When does this “scant sense” exception to Chevron deference come into play? At Chevron Step One when determining if the statute is ambiguous? Or at Chevron Step Two when determining whether the agency’s interpretation is a reasonable one? (That would be my vote.) Perhaps this is anotherChevron Step Zero inquiry, akin to the major questions doctrine that presumes that Congress does not hide elephants in mouseholes? Or maybe this is more evidence for Matthew Stephenson and Adrian Vermeule’s claim that Chevron has only one step

Analytically the Court does appear to collapse the two steps into a reasonableness inquiry.
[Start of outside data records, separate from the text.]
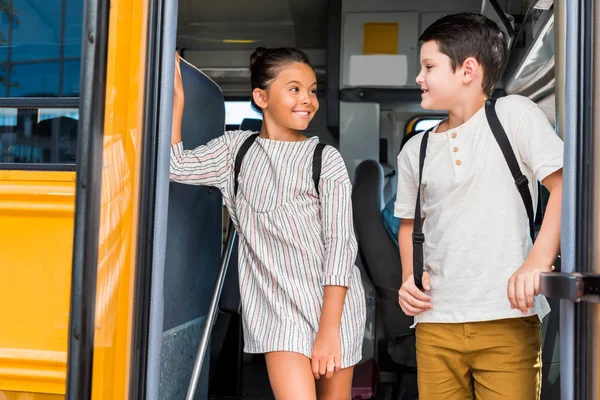 Вчені Стоять Шкільному Автобусі Дивляться Один Одного — стокове фото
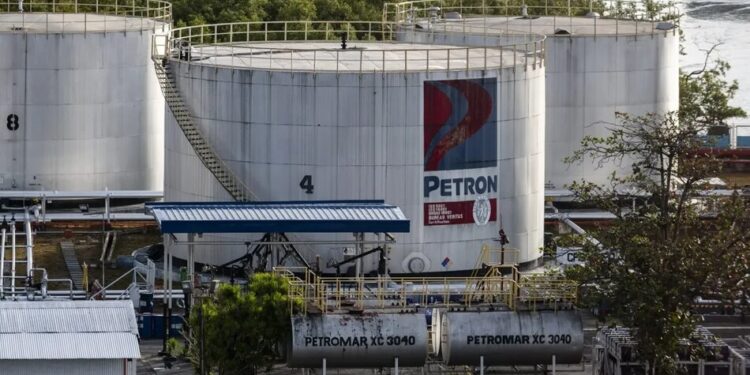 Філіппіни почали купувати російську нафту через загрозу енергетичної кризи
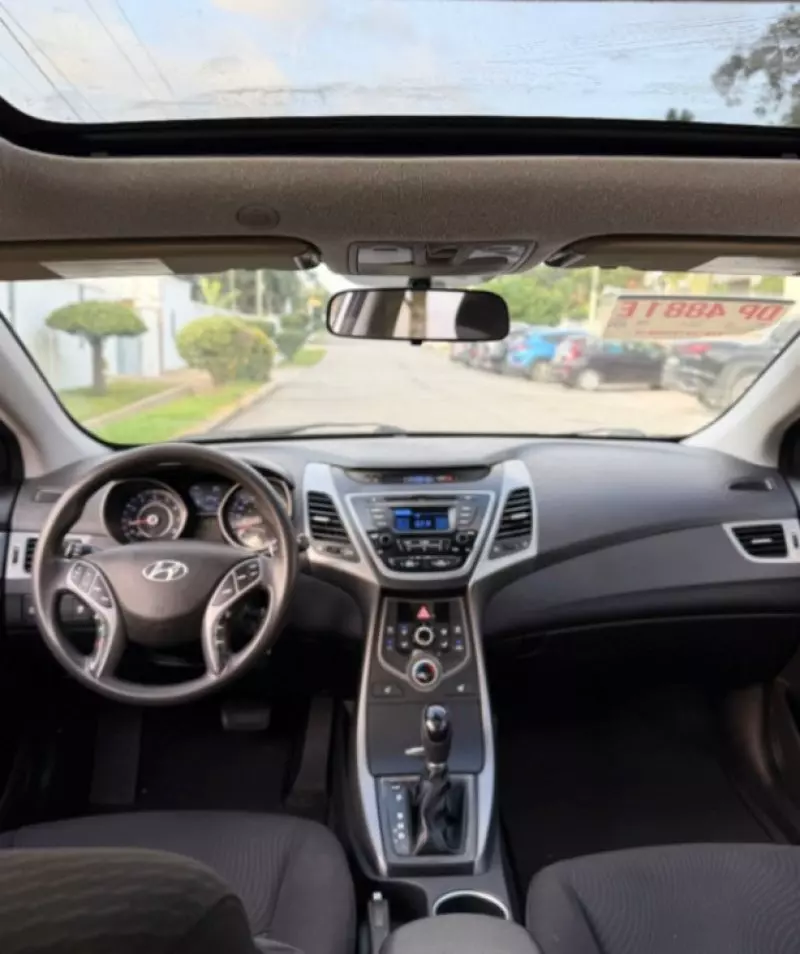 Hyundai Elantra   - 2015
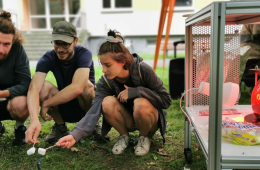 Menschen rösten Marshmallows mit Mikrobi, einer Biogas-Demonstrationsanlage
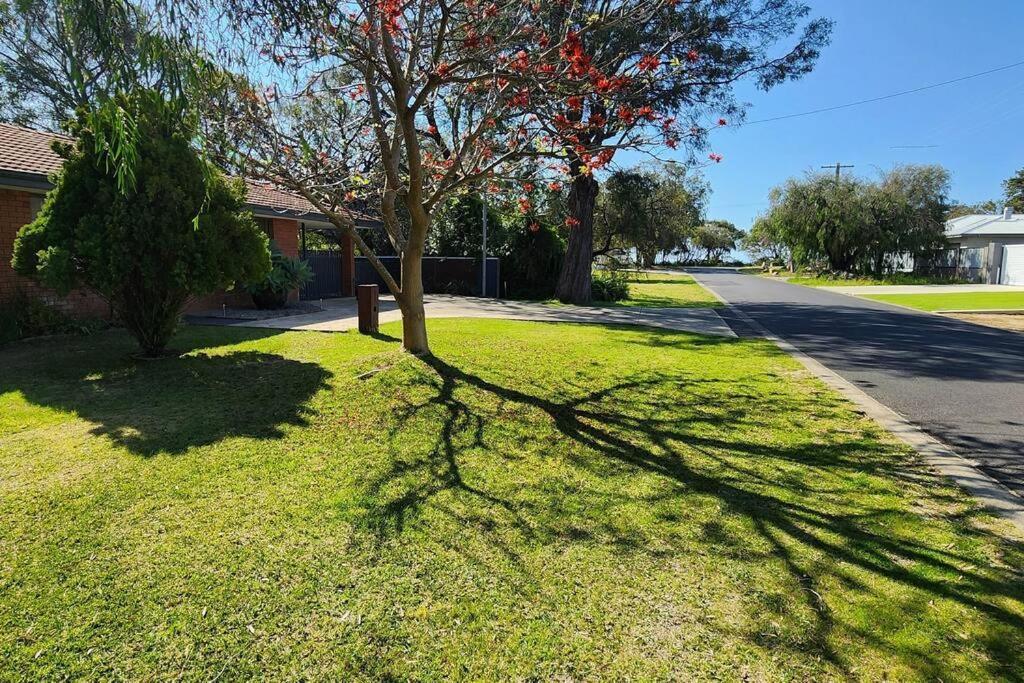 Abbey Beach Cottage Busselton Buitenkant foto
But that could be because the Court realizes the statute is ambiguous—usually not a good sign for a court if it wants to strike down an agency interpretation under Chevron—and the Court wants to focus on how the agency’s interpretation is not a reasonable or otherwise permissible one. (It is also interesting that the dissent, authored by Justice Thomas and joined by Justice Alito, does not even invokeChevron deference and instead argues that the federal statute unambiguously encompasses the state conviction at issue here.)

Dean Johnson may be right that this “decision is a typical statutory interpretation and agency deference case, which would not seem to have many far-reaching doctrinal implications.” But maybe, just maybe, this case may also signal a further retreat from the once highly deferential approach under Chevron to judicial review of agency statutory interpretations. Or maybe, as Dean Johnson notes, this is just an immigration-specific feature of the Roberts Court, in that the Court “will not rubber-stamp the removal decisions of the executive branch, even those involving immigrants convicted of drug-related crimes that the immigration laws target for harsh treatment.”